Ci sono un paio di frasi di Ursula von der Leyen “scartate” dalla resocontistica ufficiale degli Stati Generali e sono le stesse che sulla stampa tedesca hanno avuto il massimo rilievo e visibilità.
La prima riguarda la svolta senza precedenti compiuta dall’Europa con il Recovery Fund e i motivi per cui è stata decisa: «Noi, l’Unione Europea – dice la presidente della Commissione – stiamo per la prima volta prendendo in prestito denaro dai nostri figli. Quindi i nostri investimenti di oggi devono portare frutti ai nostri figli. Non prenderemo in prestito denaro dai nostri figli, come talvolta facevano i nostri Stati membri, solo per spendere di più di oggi».
Il messaggio è molto chiaro e ha il sapore di un avvertimento, se non di un ultimatum. Il nuovo sguardo dell’Europa sui ritardi, le incertezze, le mancate riforme italiane, non è quello che si tende ad accreditare, lo sguardo di un avaro burocrate improvvisamente rabbonito dall’epidemia, di una Crudelia De Mon trasformata in dama compassionevole dal dramma del Covid.
Le parole di Von der Leyen definiscono, al contrario, un perimetro molto preciso per la generosità europea e dicono all’Italia: se voi siete disposti a impoverire ulteriormente la prossima generazione per tenervi a galla, noi non lo siamo. Anzi. Il nostro sforzo di oggi è compiuto in nome dei cittadini europei di domani. Regolatevi.

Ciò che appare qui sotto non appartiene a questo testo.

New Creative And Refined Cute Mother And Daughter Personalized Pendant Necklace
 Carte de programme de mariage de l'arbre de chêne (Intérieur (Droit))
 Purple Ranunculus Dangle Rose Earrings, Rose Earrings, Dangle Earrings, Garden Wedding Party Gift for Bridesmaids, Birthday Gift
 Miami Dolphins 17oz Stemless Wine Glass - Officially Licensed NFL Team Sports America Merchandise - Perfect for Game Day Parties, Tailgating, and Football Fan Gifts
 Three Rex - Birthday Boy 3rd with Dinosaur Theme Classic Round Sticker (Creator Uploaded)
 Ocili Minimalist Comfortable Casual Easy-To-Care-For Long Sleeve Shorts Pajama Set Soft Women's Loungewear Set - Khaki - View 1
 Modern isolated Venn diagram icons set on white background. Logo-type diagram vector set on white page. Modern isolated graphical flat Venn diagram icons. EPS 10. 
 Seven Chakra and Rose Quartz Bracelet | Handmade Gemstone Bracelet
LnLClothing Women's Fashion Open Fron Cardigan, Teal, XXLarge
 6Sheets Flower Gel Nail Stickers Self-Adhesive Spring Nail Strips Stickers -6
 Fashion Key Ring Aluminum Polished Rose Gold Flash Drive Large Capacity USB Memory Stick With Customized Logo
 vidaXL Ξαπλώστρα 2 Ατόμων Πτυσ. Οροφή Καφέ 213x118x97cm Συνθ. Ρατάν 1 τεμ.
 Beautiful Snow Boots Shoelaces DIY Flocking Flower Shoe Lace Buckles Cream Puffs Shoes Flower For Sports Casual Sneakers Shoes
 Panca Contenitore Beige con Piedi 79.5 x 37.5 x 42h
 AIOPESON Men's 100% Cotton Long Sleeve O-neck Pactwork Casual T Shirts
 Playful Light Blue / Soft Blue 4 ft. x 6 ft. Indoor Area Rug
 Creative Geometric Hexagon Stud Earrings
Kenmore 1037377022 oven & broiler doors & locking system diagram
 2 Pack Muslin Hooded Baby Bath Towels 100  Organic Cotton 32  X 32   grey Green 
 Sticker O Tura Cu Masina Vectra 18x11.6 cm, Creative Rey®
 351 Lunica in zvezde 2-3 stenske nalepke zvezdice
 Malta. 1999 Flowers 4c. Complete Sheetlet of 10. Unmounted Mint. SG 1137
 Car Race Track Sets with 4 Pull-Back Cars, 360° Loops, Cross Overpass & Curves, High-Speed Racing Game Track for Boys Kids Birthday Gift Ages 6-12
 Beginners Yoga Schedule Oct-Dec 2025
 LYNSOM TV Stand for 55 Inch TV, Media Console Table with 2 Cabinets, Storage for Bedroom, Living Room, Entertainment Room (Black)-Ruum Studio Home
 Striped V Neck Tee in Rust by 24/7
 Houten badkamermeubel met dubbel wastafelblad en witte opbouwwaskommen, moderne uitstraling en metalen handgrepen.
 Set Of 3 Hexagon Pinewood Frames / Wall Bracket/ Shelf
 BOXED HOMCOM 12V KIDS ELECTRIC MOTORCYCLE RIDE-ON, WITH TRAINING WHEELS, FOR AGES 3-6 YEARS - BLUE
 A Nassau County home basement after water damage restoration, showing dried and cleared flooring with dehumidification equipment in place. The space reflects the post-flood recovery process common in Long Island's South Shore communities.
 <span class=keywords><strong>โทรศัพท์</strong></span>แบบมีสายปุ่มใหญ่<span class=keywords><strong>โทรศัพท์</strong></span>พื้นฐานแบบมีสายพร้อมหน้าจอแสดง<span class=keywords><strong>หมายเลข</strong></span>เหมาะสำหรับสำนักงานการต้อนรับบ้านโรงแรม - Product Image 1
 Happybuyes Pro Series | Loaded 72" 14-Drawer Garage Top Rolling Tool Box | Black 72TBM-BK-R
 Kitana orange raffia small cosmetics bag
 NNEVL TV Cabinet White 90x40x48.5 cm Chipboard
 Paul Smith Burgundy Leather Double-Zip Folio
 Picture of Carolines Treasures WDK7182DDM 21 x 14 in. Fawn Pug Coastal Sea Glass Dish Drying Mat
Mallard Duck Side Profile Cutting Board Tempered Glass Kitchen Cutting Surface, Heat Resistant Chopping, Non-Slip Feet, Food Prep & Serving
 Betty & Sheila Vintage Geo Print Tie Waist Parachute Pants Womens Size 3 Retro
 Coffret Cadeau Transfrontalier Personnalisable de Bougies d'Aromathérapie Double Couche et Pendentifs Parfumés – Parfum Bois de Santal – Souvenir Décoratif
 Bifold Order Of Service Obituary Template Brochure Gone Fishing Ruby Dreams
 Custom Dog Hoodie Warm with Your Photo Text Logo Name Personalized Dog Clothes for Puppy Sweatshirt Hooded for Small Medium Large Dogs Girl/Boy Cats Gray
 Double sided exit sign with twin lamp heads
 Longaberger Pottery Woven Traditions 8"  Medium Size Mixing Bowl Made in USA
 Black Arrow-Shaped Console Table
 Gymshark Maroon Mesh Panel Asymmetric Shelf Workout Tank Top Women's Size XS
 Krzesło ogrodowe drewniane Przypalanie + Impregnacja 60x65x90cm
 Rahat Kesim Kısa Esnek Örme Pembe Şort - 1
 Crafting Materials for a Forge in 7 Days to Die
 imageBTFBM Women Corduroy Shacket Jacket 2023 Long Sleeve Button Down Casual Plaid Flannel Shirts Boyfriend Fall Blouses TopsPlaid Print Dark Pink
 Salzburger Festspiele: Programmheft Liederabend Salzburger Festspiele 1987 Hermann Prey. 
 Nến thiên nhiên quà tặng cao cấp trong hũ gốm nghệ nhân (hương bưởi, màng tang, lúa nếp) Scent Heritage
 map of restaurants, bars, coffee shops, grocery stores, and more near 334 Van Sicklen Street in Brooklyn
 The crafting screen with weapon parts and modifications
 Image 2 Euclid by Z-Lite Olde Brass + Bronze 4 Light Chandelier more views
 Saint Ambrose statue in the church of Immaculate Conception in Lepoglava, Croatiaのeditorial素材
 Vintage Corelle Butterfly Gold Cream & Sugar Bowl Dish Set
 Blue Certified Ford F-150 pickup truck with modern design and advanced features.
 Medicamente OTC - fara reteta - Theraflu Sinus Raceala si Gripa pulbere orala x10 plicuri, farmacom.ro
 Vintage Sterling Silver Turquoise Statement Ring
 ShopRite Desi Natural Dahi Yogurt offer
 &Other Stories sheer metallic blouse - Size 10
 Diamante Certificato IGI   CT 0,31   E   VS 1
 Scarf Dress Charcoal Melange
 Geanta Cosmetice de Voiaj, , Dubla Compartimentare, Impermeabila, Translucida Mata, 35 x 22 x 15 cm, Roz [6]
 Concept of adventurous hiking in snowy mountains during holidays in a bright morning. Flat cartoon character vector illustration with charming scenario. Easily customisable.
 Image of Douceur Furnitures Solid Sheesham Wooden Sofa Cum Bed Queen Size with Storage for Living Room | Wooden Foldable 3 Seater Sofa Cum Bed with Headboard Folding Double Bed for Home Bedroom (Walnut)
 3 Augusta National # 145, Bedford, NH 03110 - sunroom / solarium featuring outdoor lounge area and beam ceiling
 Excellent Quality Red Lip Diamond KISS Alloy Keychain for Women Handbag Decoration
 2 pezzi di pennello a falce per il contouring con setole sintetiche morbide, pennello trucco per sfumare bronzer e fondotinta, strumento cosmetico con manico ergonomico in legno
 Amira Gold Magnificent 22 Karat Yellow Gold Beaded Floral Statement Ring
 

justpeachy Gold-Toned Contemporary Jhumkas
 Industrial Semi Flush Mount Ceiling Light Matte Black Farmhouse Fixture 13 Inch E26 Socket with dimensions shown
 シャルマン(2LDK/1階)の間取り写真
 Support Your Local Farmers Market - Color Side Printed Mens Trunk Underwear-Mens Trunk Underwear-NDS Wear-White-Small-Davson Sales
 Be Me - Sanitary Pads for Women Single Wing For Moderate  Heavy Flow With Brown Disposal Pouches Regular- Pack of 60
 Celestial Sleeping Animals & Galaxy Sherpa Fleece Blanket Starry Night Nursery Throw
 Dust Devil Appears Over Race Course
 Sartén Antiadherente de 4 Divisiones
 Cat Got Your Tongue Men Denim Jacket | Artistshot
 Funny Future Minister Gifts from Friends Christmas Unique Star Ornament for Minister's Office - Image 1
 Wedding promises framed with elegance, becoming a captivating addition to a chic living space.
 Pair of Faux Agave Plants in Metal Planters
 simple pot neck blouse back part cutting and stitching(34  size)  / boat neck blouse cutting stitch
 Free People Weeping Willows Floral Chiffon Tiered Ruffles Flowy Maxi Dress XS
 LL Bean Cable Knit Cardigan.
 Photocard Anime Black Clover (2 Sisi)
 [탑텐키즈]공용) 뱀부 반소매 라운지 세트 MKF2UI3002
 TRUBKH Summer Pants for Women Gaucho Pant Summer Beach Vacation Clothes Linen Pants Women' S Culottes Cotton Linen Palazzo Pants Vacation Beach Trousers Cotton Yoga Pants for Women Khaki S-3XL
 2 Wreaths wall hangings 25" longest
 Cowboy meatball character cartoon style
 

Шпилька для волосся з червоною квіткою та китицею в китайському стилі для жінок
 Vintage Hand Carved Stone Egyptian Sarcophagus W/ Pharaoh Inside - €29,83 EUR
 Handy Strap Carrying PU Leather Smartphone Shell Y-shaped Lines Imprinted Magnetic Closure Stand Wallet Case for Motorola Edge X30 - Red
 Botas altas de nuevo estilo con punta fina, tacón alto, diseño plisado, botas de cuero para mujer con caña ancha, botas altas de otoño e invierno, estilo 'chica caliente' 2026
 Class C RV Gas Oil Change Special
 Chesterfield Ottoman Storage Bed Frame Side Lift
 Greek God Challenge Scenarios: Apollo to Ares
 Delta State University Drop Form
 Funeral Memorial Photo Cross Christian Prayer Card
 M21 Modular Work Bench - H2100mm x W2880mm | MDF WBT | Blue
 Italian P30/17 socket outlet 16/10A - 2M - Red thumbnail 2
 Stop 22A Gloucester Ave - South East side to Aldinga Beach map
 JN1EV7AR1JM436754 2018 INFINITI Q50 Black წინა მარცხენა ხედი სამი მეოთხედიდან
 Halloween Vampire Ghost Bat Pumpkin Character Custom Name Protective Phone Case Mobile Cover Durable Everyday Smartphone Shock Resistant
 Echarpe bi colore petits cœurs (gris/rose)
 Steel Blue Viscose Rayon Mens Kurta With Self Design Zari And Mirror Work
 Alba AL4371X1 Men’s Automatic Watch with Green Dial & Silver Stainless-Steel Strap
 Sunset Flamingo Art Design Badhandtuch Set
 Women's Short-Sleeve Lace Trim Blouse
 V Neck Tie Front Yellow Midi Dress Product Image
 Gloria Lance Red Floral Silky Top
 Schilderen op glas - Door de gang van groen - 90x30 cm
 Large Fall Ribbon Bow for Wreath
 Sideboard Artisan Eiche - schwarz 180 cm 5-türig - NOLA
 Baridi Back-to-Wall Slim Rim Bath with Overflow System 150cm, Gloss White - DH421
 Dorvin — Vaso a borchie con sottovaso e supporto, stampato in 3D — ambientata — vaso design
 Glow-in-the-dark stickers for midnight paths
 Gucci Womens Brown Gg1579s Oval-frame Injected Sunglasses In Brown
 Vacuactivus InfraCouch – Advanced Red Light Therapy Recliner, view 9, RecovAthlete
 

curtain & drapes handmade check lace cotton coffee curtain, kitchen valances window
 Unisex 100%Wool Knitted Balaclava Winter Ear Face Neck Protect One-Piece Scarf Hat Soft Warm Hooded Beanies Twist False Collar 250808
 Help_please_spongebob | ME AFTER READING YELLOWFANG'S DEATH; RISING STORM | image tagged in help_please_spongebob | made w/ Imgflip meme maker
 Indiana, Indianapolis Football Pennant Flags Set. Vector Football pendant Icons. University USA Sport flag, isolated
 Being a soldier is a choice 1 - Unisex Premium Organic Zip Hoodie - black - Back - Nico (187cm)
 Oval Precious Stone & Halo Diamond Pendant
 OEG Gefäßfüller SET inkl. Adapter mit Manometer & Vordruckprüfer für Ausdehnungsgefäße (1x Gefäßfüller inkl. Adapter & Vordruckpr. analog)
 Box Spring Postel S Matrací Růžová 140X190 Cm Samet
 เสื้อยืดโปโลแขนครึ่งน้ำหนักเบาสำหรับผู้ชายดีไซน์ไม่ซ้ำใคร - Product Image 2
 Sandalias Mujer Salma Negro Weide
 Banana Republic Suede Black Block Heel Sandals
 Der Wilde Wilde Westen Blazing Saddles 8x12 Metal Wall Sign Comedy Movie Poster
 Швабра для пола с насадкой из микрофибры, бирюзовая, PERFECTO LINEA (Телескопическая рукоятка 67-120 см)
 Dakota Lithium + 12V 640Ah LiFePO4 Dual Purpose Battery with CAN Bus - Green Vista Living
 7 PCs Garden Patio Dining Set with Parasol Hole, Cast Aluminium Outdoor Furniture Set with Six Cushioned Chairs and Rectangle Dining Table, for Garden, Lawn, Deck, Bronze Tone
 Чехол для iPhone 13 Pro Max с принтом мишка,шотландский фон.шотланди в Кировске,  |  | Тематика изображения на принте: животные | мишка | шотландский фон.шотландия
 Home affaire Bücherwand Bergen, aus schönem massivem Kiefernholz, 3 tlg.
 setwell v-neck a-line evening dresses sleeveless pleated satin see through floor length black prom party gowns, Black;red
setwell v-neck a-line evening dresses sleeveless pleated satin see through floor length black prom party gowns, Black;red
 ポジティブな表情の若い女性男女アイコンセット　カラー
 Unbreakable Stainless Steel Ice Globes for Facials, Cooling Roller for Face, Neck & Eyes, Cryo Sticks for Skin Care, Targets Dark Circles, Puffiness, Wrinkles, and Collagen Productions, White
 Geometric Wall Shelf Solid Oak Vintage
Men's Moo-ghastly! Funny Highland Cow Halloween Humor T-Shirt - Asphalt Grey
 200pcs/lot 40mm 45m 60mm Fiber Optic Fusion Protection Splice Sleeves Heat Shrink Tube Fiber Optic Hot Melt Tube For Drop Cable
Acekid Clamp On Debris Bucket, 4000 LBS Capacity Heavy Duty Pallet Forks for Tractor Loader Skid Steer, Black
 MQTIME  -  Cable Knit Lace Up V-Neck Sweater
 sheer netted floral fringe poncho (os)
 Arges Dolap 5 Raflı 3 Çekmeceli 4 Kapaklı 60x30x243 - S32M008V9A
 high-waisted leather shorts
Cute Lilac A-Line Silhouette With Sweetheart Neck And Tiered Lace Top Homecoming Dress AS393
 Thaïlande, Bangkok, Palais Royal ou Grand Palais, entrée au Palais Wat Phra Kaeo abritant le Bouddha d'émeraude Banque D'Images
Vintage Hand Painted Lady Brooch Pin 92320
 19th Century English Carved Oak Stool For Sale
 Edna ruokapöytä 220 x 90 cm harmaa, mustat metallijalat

L’altro passaggio del video-messaggio enfatizzato dai quotidiani tedeschi riguarda le priorità indicate all’Italia, che poco hanno a che vedere con il gigantesco libro dei sogni squadernato in questi giorni da tutti gli attori del dibattito pubblico, ma sono concentrate su tre cose molto pratiche, enunciate con grande precisione: la riduzione della burocrazia, l’impegno per l’occupazione dei giovani e delle donne, le «misure contro l’impatto della criminalità organizzata nel settore pubblico».
Quest’ultima sollecitazione è pressoché scomparsa dalla comunicazione italiana, e magari è solo fumo per i media tedeschi, per vellicare lo stereotipo mafia-spaghetti ancora così diffuso dall’altro lato delle Alpi, ma più probabilmente rivela una preoccupazione autentica, e cioè che rivoli significativi dello sforzo europeo si disperdano nel sottobosco parassitario delle nostre economie illegali o semi-legali.
Alla luce di queste parole, la scelta del premier Giuseppe Conte di consegnare alla von der Leyen l’apertura della sua grande kermesse potrebbe rivelarsi piuttosto rischiosa. La presidente della Commissione, artefice del colossale piano da 750 miliardi di euro in sette anni (173 dei quali potrebbero andare all’Italia), ha avuto l’opportunità di descrivere col massimo rilievo e pubblica solennità la filosofia dell’intervento che sta patrocinando. Domani nessuno potrà dire di aver frainteso, nessuno si potrà nascondere dietro le ambiguità dialettiche in cui siamo specialisti.
Il percorso dei Recovery Fund non è arduo solo per i molti ostacoli continentali al dibattito – a cominciare dalle resistenze dei Paesi sovranisti – ma soprattutto perché chiama l’Italia a un’azione riformista ai limiti dell’impossibile per l’attuale maggioranza. Il discorso sui debiti dei padri che non devono ricadere sui figli si scontra contro due tabù del governo, reddito di cittadinanza e Quota Cento.
Il monito contro la burocrazia è in conflitto con le ossessioni regolatorie sia dei Cinque Stelle sia di larga parte del Partito democratico. L’appello per l’occupazione delle nuove generazioni e delle donne tocca il tasto dolente del Decreto Dignità e più in generale una cultura woman-free che le donne non le ha volute mettere manco nei comitati dell’emergenza. La lotta contro le infiltrazioni criminali è delegata da trent’anni alla magistratura: molte manette, scarsissimi effetti sull’amministrazione pubblica.
Pensare di cavarsela con un po’ di fumo negli occhi degli alleati europei, stavolta, non sembra possibile. Stavolta, come ha detto chiaramente la von der Leyen, ci mettono soldi loro, accendono debiti che peseranno sui loro cittadini, sul loro consenso, sulla loro affidabilità politica ed economica, sui loro figli: la nostra celebrata furbizia, la nostra abilità nelle grandi promesse sempre rinviate a data da destinarsi, non basterà a tenerli buoni quando arriverà il momento di decidere se fidarsi o no.